Unsightly craze cracking of concrete floors - caused by the shrinkage of the cement paste on the surface – can generally be prevented by correct placement, curing and finishing, says Bryan Perrie, CEO of Cement & Concrete SA (CCSA).
Crazing, which appears as closely spaced surface hair cracks in both plastic as well as hardened concrete, is caused by shrinkage of the surface layer of cement. The cracks are usually no more than 3mm deep and visible as the floor surface starts drying the day after placement or by the end of the first week.
Perrie says some of the factors affecting the crazing of concrete floors include:
- Correct protection of the concrete in the plastic state and timeous curing are essential because when the evaporation rate from the concrete surface is higher than the moisture gain from curing, crazing cracks will appear because of low humidity, drying winds, or exposure to sunlight. Delayed curing will cause rapid drying of the surface and crazing. Curing with water much colder than the concrete will cause thermal shock and also lead to crazing.
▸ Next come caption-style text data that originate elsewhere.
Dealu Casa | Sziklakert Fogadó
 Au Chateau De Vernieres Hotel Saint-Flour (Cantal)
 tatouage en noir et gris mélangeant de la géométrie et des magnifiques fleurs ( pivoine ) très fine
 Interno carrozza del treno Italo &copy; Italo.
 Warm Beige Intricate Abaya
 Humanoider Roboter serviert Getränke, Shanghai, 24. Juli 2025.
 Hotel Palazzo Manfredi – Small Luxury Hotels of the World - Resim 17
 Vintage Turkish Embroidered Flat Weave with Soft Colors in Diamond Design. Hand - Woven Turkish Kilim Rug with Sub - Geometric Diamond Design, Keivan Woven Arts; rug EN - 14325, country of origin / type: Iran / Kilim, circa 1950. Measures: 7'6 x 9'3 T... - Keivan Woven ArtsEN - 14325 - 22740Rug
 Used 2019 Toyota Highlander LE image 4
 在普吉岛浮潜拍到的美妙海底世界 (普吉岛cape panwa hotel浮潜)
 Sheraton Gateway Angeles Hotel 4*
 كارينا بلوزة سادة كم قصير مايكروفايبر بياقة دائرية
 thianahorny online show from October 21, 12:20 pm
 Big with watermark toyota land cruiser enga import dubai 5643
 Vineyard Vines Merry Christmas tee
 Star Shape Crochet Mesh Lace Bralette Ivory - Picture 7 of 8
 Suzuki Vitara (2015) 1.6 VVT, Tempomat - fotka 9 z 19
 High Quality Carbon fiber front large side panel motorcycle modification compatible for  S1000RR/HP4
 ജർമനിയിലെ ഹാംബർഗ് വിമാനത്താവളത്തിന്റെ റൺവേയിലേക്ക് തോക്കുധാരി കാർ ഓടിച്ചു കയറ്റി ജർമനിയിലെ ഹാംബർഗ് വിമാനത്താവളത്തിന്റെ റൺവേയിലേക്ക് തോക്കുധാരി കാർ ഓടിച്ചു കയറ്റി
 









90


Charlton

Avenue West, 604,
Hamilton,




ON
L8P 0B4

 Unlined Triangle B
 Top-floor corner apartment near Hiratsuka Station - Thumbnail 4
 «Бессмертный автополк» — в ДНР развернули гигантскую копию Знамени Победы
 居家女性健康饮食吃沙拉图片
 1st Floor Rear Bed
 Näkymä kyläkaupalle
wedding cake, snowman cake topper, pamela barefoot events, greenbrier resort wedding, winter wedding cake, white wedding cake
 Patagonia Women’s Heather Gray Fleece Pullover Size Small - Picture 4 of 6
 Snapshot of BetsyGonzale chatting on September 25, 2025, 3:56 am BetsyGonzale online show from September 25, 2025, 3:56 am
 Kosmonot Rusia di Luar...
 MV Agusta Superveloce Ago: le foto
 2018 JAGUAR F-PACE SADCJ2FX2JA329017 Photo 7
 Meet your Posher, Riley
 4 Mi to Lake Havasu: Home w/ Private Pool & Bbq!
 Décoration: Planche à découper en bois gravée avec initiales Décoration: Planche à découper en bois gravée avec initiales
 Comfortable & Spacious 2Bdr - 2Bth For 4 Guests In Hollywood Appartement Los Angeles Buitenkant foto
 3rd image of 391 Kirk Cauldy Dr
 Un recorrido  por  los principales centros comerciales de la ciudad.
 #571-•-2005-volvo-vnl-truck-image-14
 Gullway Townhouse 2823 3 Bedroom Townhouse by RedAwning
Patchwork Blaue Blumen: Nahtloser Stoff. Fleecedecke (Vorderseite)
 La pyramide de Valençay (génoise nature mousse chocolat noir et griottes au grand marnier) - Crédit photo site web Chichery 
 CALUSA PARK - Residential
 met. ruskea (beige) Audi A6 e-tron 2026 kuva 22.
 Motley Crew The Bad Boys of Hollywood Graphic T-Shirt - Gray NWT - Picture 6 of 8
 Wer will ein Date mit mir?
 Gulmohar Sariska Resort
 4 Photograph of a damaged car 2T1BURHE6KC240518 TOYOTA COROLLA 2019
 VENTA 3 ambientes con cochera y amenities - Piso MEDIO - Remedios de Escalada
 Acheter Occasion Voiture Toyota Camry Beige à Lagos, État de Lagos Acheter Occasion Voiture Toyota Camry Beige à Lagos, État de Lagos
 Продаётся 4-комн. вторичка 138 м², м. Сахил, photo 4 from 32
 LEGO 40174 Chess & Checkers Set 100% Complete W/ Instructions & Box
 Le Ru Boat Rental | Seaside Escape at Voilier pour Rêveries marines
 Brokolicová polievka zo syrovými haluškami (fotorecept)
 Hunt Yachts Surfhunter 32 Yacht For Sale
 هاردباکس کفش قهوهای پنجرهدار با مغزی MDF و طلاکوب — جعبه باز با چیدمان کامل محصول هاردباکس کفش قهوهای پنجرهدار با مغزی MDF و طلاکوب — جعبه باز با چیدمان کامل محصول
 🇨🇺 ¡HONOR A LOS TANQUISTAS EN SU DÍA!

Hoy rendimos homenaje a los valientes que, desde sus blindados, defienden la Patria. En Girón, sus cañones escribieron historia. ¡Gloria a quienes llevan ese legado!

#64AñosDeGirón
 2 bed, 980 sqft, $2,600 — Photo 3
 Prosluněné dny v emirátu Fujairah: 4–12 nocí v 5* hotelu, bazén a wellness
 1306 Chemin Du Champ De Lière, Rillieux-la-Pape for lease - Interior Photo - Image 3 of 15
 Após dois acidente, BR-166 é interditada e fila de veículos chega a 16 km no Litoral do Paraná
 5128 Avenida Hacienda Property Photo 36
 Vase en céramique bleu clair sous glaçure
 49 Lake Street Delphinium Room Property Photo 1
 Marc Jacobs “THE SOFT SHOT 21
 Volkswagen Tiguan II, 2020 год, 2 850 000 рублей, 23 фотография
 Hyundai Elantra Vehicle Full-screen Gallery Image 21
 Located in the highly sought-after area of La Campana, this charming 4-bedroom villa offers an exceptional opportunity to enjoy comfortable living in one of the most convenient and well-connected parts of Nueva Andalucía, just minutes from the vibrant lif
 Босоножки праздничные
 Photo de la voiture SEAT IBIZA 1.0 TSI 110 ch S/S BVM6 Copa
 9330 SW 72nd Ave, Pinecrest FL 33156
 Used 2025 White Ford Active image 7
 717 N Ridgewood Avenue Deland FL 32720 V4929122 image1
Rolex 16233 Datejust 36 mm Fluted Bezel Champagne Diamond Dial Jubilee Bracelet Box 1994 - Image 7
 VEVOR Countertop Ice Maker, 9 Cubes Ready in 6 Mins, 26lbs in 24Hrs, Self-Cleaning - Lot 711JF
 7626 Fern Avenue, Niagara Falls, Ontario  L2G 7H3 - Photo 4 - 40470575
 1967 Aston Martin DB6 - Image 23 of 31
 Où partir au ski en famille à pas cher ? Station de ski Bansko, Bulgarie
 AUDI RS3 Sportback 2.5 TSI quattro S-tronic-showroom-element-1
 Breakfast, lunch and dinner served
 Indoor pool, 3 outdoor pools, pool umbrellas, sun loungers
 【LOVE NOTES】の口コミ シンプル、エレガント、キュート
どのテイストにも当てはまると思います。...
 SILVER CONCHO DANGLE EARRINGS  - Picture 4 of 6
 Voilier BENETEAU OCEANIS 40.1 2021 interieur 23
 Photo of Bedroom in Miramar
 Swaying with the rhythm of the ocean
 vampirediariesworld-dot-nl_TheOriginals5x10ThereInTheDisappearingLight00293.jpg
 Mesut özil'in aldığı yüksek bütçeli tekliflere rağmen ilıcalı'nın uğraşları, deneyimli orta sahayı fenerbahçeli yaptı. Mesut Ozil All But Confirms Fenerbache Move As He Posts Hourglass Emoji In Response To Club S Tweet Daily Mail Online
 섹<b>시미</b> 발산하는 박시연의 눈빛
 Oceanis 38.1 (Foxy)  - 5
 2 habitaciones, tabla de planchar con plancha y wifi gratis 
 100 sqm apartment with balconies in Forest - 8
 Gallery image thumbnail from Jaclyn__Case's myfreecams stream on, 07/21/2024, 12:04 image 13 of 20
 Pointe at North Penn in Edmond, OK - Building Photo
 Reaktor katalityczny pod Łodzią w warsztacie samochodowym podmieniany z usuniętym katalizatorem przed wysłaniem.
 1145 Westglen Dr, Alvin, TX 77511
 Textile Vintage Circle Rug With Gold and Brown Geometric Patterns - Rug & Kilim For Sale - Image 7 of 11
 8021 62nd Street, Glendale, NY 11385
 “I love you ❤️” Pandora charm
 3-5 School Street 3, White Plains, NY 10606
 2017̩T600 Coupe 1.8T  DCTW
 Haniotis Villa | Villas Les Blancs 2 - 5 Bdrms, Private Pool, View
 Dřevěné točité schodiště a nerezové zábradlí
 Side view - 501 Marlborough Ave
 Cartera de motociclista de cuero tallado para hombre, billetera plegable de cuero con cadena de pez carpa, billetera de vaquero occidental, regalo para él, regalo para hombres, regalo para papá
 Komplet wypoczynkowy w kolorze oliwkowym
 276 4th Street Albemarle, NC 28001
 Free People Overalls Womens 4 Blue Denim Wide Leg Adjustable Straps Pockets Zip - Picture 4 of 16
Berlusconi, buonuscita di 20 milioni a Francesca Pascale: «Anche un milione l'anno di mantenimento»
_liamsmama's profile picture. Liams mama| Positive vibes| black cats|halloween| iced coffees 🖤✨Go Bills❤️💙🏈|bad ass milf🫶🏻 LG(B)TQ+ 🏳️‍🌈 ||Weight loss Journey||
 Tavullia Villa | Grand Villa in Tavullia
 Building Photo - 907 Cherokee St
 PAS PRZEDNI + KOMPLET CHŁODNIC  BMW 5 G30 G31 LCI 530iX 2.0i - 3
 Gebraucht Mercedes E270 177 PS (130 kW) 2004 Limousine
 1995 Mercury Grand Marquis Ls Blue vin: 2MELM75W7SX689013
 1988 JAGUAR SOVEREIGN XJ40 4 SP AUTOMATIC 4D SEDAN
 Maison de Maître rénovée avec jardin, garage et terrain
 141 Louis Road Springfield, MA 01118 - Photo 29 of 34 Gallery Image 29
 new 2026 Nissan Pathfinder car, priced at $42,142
- Alternating wetting and drying at early stages should be avoided. Continuous water sprinkling is an ideal method of curing to prevent the concrete from drying between applications of water.
- Over-using vibrating screeds and bull floats leads to the coarse aggregates settling at the bottom and drives the cement paste to the surface which is the main cause of crazing;
- Overworking and over-trowelling, especially when the surface is wet, is another negative factor. “Too wet a mix, excessive floating, the use of a tamper or other procedures which depress the coarse aggregate and produce high concentrations of cement paste and fines at the surface, will result in crazing and cracking.”
- Crazing can also be caused by dusting dry cement onto the surface before trowelling. The cement will dry up bleed water and concentrate fines on the surface.
- Applying water to the surface during finishing operations is another contributory factor. Performing finishing operations with bleed water still on the surface, or using a steel trowel in a way that water and cement fines are brought to the surface, will end up in crazing.
Perrie says although crazed floors are unsightly and may collect dirt, they do not have serious consequences and repairs are seldom necessary unless accompanied by delamination of the surface. “Grinding the surfaces may be considered when the crazing is shallow and the quality of the concrete allows for grinding," he adds.